Though it was not unheard of for the realms to mix, they usually kept to themselves and concentrated on their own strengths.
	While each was individually strong, they had trouble fighting the Hordes.  Masses of what they viewed as lesser beasts, the kobolds, goblins, hobgoblins, Illithids, and other foul creatures would rise out of the depths and try to claim whatever land they could.  Through most of the Realms’ years on land, the Hordes had no success.
	However, in 5098MT (Middle Time), the Hordes declared a mass, unified attack on the sentient Realms.  Somehow, Hellspawn escaped from the very core of Terra and assisted the Hordes in pushing the Realms off of the surface.  Using the Dwarven Stronghold Mines, the races fled to the inner layer of Terra and put up settlements.
	As they grew, the Hellspawned beasts pushed the Horde into the layer between the Realms and the surface and produced a buffer.  The Realms started new time using Gnome timepieces (as they couldn’t see the moon), expanded to create a second general globe inside Terra, and produced their own buffer to seal the remainder of the Hellspawn.  The Hellspawn buffer sealed them from going back up, and their own buffer stopped them from going down.

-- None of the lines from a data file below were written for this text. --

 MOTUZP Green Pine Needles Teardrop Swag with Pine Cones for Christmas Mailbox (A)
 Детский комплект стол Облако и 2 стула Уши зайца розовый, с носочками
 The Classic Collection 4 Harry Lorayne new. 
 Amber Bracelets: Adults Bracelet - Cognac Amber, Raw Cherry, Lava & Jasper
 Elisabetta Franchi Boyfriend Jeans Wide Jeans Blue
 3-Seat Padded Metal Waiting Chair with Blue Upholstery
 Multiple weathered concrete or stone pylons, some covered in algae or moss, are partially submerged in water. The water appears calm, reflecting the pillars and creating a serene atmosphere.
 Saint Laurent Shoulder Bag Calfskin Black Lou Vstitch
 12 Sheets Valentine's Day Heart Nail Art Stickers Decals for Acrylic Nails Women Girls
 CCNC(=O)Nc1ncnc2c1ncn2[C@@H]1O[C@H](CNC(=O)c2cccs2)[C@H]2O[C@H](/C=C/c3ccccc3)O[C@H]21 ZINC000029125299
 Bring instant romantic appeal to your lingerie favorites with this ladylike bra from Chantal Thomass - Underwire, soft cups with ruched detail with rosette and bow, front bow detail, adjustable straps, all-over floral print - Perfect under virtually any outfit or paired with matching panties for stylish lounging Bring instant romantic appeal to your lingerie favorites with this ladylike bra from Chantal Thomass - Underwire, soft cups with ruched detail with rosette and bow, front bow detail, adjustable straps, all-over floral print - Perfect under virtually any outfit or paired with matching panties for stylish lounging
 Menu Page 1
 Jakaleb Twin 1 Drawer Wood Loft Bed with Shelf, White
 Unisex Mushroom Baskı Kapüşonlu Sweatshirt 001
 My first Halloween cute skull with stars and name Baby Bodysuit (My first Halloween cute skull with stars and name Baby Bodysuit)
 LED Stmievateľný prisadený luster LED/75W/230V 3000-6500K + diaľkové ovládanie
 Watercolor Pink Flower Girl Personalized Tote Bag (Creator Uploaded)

            The Realms unified, integrated their cities, and established The Tribunal.  The Tribunal grew from a small council to a founding government of New Terra.  It began to seek out worthy men and women to, in turn, seek the sky.
	As the Realms move into 353DT (Depth Time), Hellspawn are rising from the depths once more; The Hordes are sick of their desecrated Hordelands; and the Realms are beginning to fear that the Tribunal will not find heroes in time.


----------